1- consider a linear regression problem with a continuous response z and two predictors x and y
2- We begin by splitting the space into two regions on the basis of a rule of the form $x,y \leq s$ , and modeling the response using the mean of z in the two regions
3- The optimal split (in terms of reducing the residual sum of squares) is found over all predictors (x and y) and all possible split points s
4- The process is then repeated in a recursive fashion for each of the two sub-regions
5- This process continues until some stopping rule is applied
6- For example, letting {Rm} denote the collection of rectangular partitions, we might continue partitioning until |Rm| = 10
7- The end result is a piecewise constant model over the partition {Rm} of the form:
$$f(x,y)=\sum_{m} c_m I \ \ \ (x,y \ \epsilon \ R_m) $$where $c_m$ is the constant term for the $m^{th}$ region (i.e., the mean of $z_i$ for those observations $x,y \ \epsilon \ R_m$)
Numerical example:
In [1]:
# Import the plotting library
import matplotlib as mpl
mpl.rcParams['axes.color_cycle'] = ['#7FB5C7', '#E63E65', '#5B5BC9', '#55D957']
%matplotlib inline
In [2]:
# Import the data manipulation library and read the training set into a dataframe
import pandas as pd
bikes = pd.read_csv('data/bikes.csv')
bikes.head()
Out[2]:
In [3]:
# Plot the data
from matplotlib import pyplot as plt
plt.figure(figsize=(8,6))
plt.plot(bikes['temperature'], bikes['count'], 'o')
plt.xlabel('temperature')
plt.ylabel('bikes')
plt.show()
In [4]:
# Import the Decision Trees Regressor and train it !

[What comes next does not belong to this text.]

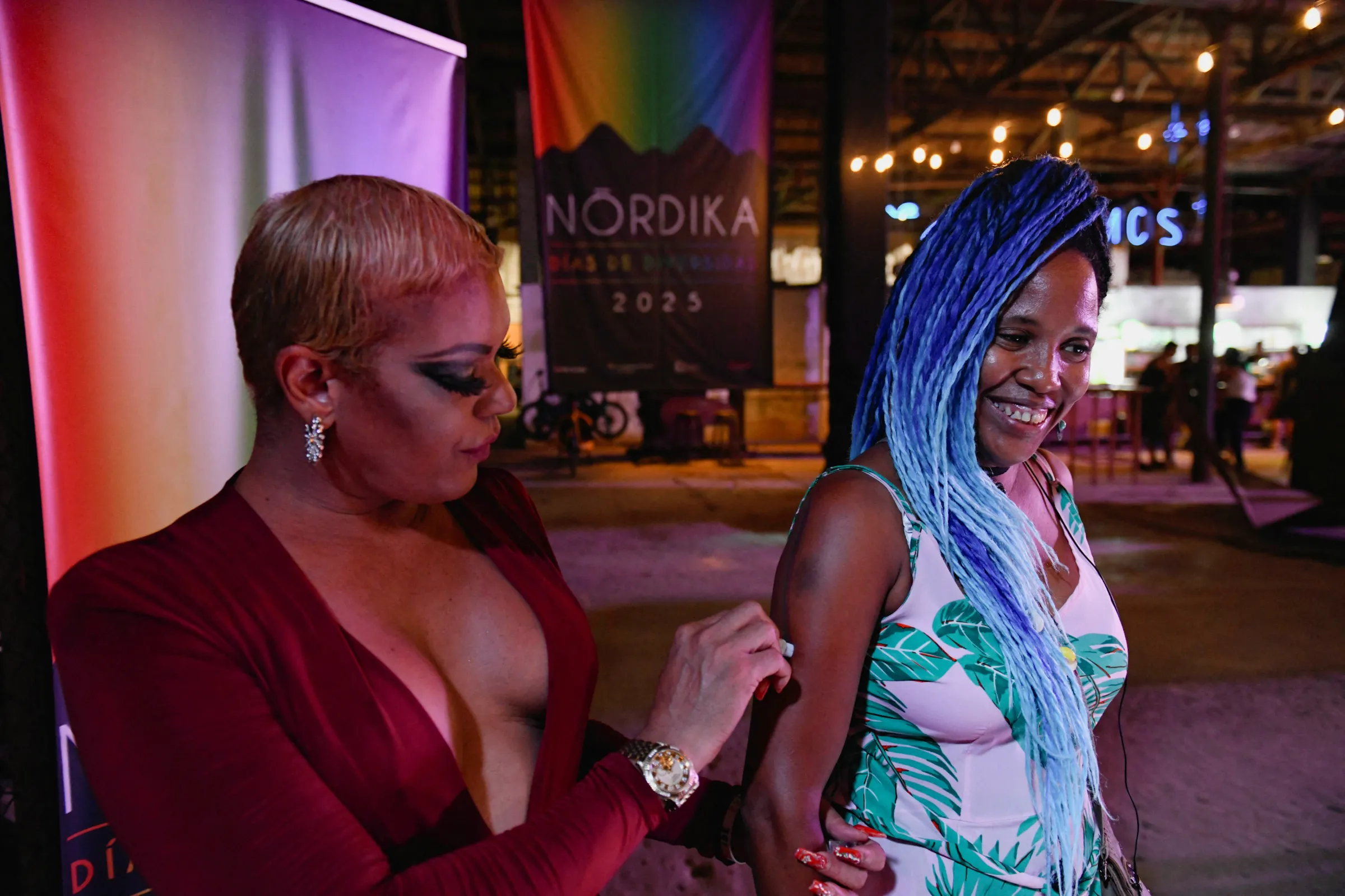 A transgender woman marks with the colors of the gay pride flag an attendee at the Nordika festival in Havana, Cuba May 24, 2025. REUTERS/Norlys Perez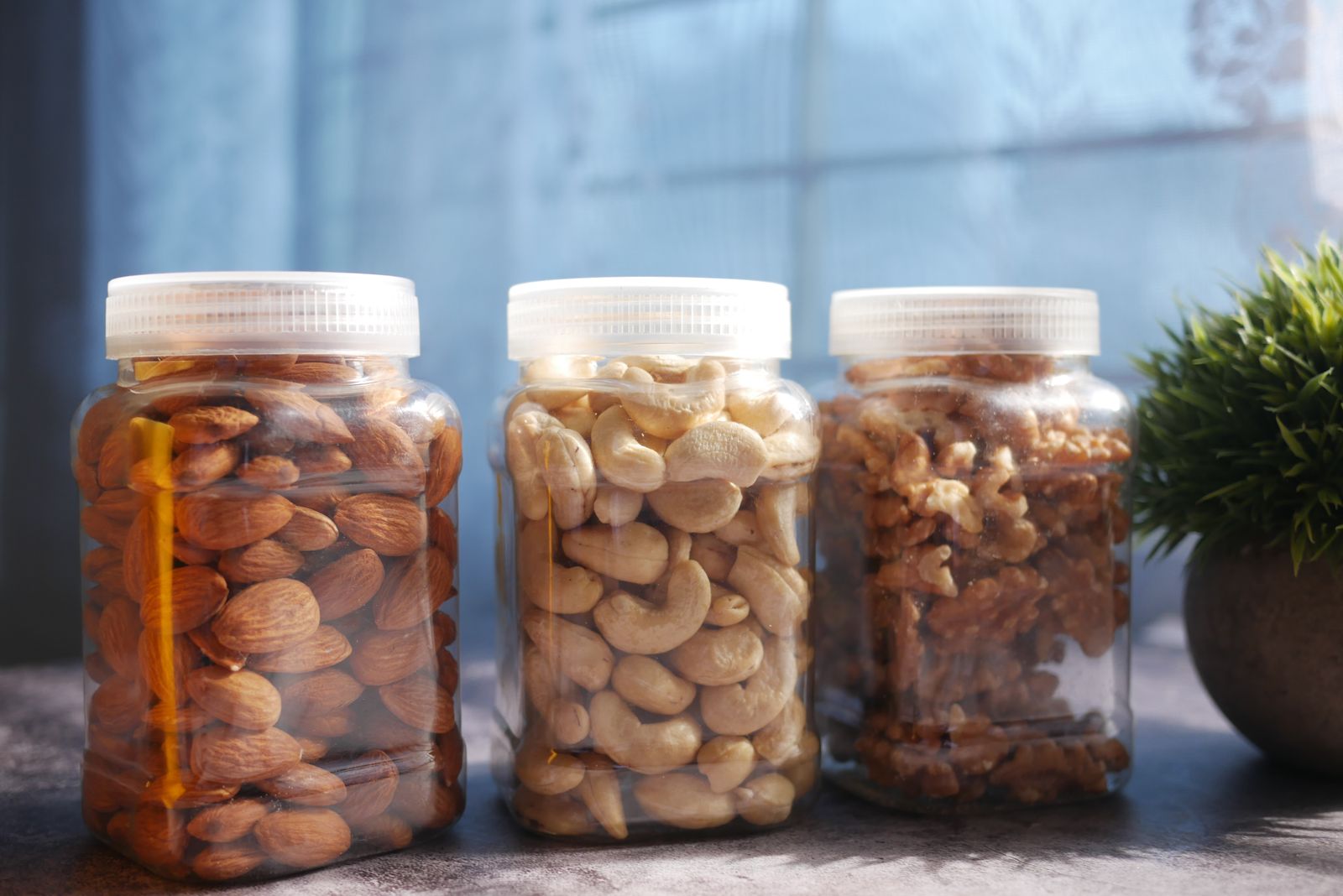 Three clear jars filled with spiced nuts for holiday baking gifts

from sklearn.tree import DecisionTreeRegressor
import numpy as np
regressor = DecisionTreeRegressor(max_depth=2)
regressor.fit(np.array([bikes['temperature']]).T, bikes['count'])
Out[4]:
In [5]:
regressor.predict(5.)
Out[5]:
In [6]:
regressor.predict(20.)
Out[6]:
In [7]:
# plot the fit
xx = np.array([np.linspace(-5, 40, 100)]).T
plt.figure(figsize=(8,6))
plt.plot(bikes['temperature'], bikes['count'], 'o', label='observation')
plt.plot(xx, regressor.predict(xx), linewidth=4, alpha=.7, label='prediction')
plt.xlabel('temperature')
plt.ylabel('bikes')
plt.legend()
plt.show()
In [8]:
import pandas as pd
from sklearn.tree import DecisionTreeRegressor
import numpy as np
from matplotlib import pyplot as plt
%matplotlib inline
bikes = pd.read_csv('data/bikes.csv')
regressor = DecisionTreeRegressor(max_depth=2)
regressor.fit(bikes[['temperature', 'humidity']], bikes['count'])
Out[8]:
In [9]:
nx = 30
ny = 30
# creating a grid of points
x_temperature = np.linspace(-5, 40, nx)
y_humidity = np.linspace(20, 80, ny)
xx, yy = np.meshgrid(x_temperature, y_humidity)
# evaluating the regresson on all the points
z_bikes = regressor.predict(np.array([xx.flatten(), yy.flatten()]).T)
zz = np.reshape(z_bikes, (nx, ny))
fig = plt.figure(figsize=(8, 8))
# plotting the predictions
plt.pcolormesh(x_temperature, y_humidity, zz, cmap=plt.cm.YlOrRd)
plt.colorbar(label='bikes predicted') # add a colorbar on the right
# plotting also the observations
plt.scatter(bikes['temperature'], bikes['humidity'], s=bikes['count']/25.0, c='g')
# setting the limit for each axis
plt.xlim(np.min(x_temperature), np.max(x_temperature))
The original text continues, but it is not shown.